The DTI/SERC funded British National Corpus project also achieved media and other attention, with appearances on BBC Radio and articles in several national papers comparing it with the launch of a similar project at the University of Birmingham in June. The BNC is due for a press launch in early October, by when it is hoped to have the whole of this unique 100 million word lexical resource available to linguistic and other researchers.
In March, following a submission to the Follett committee, OUCS and the Humanities Computing unit of Kings College London were jointly commissioned by the JISC's Libraries Subcommittee to prepare a feasibility study concerning the establishment of a national Arts and Humanities Data Service. It is hoped that one of the outcomes of this study, which will form part of the JISC's input to the Follett Implementation Group for IT (FIGIT), will be to place the funding of the OTA on a more secure footing.
7. OTHER SERVICES
7.1 Offset Printing
The Print section produces a wide spectrum of departmental material that can be grouped into three basic job categories:
During the year, 22 different User Guides (14300 copies, amounting to 258,900 printed pages), 28 separate User Registration/Information documents (amounting to 90,300 printed pages) and 53 departmental administrative jobs (amounting to 161,630 printed pages) were produced in-house. In addition to this, external jobs continued to increase (these are undertaken on a self-financing basis). This year income derived from the external work was over ,18,000, which was 41% up on the 1992/3 billing. This external work not only provides a relatively cheap, high quality, print service to an increasingly wide net of University-associated clients, but it also significantly subsidises the department's internal print costs.
Not only does the section provide an economical, quality printing service, but it is involved in all stages of a document's design and production, and the continuing high quality output is widely recognised. Because of this, external work continues to increase and this will enable us to further reduce the direct running costs - and hence the basic print cost per page, for the internal work.
7.2 Data Centres
The Data Centres in 1 South Parks Road and 17 Banbury Road have remained little-changed during the year. They still have a devoted group of clients.
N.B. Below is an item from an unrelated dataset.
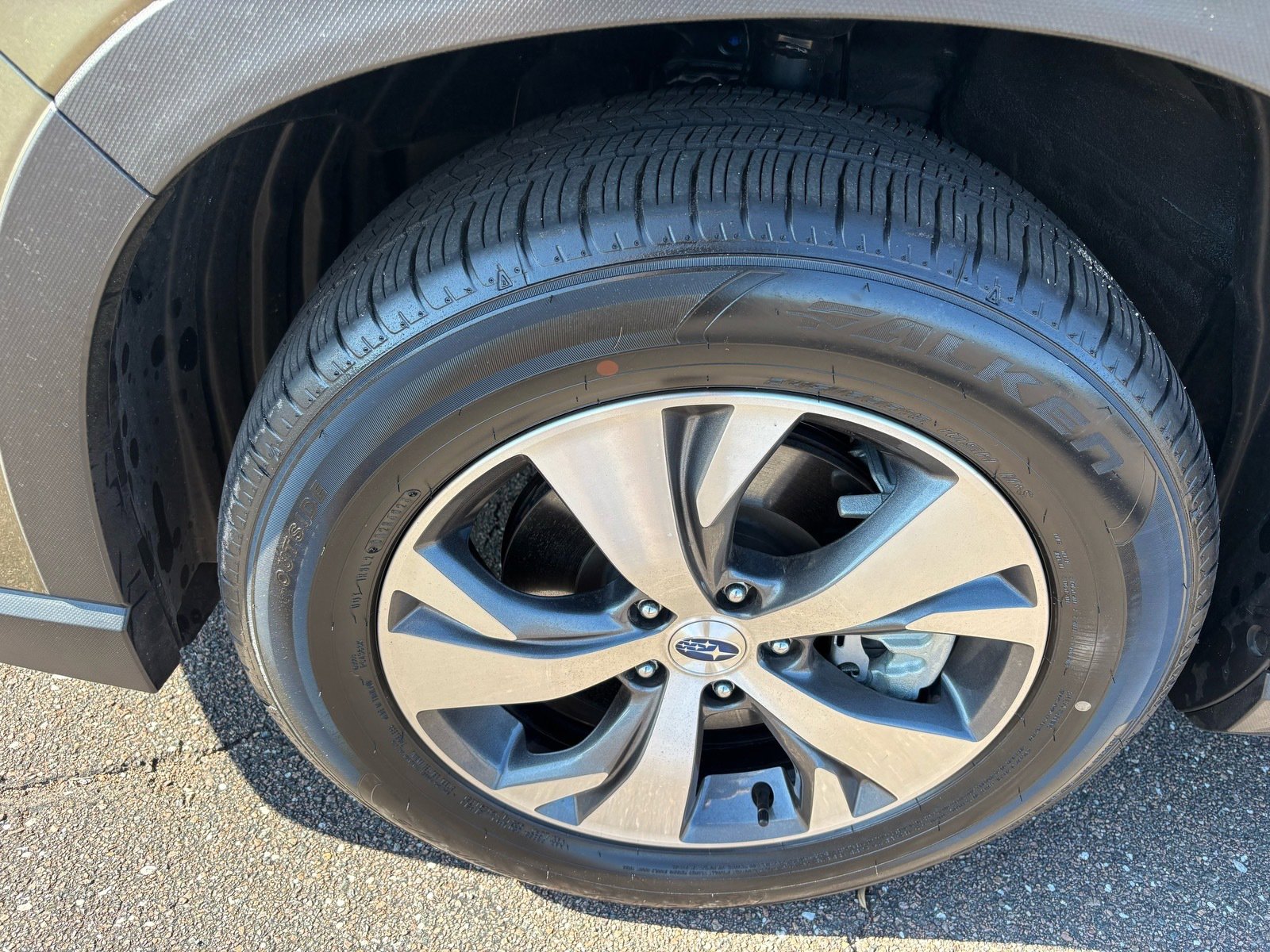 Used 2025 Subaru Ascent Premium w/ Premium Package image 9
No immediate changes are planned, so long as the demand remains; however, consideration is being given, if adequate security arrangements can be made, to installing some PCs in the Centres to supplement the existing terminals, printers and plotters.
7.3 User Registration
Figure 27: New Users Registered
The first point of contact with OUCS for the majority of people is the User Registration service - and as such this is a very important aspect of OUCS' work and is one that is under constant review. The move to allow undergraduates access to OUCS services (at the start of the 1992/93 session), together with the general increased use of IT, have placed considerable strain on a number of services, high among them being the DEC 5500 Unix system and User Registration. Also, as the range of services offered by OUCS has increased, the need to register all those using OUCS facilities (mainly for licensing problems, but also to ensure only legitimate users are allowed access) has increased. Attempts have been made to streamline the registration procedures as much as possible, with moves such as removing the requirement for an authorising counter-signature for staff and students for whom we already have records, and distinguishing between people applying for a username on one of the central systems and people merely wishing to use some other OUCS service.
There are two developments which should streamline further the registration processes and ease the load on User Registration. The first is a service allowing University staff and students to obtain a username on the new Sable service without any paperwork and without the need to apply to OUCS. This is a service available to any terminal or PC connected to either of the University networks, and so should allow people to obtain a username from their normal point of work. This "newuser" service came into operation at the start of the 1994/95 session. The second development is that of the University Registration Card: when this is in full operation, it should prove sufficient for OUCS to use it as the basis for authorising people to make use of its facilities.
The OUCS "Introductory Pack" was first produced in the year 1992/93 (3000 printed) and was expanded at the beginning of this year (5000 in total printed in 1993/94). The emphasis of the Pack has moved away from being a source of "hard" information (online, and therefore immediate, mechanisms are better for this), towards being a publicity document. The Pack produced for the session 1994/95 gives details of the range of services and facilities offered by OUCS, and points people towards the University Networked Information Service for further details. A variety of brochures and flyers are also produced, which are sent out in quantity to departments and colleges.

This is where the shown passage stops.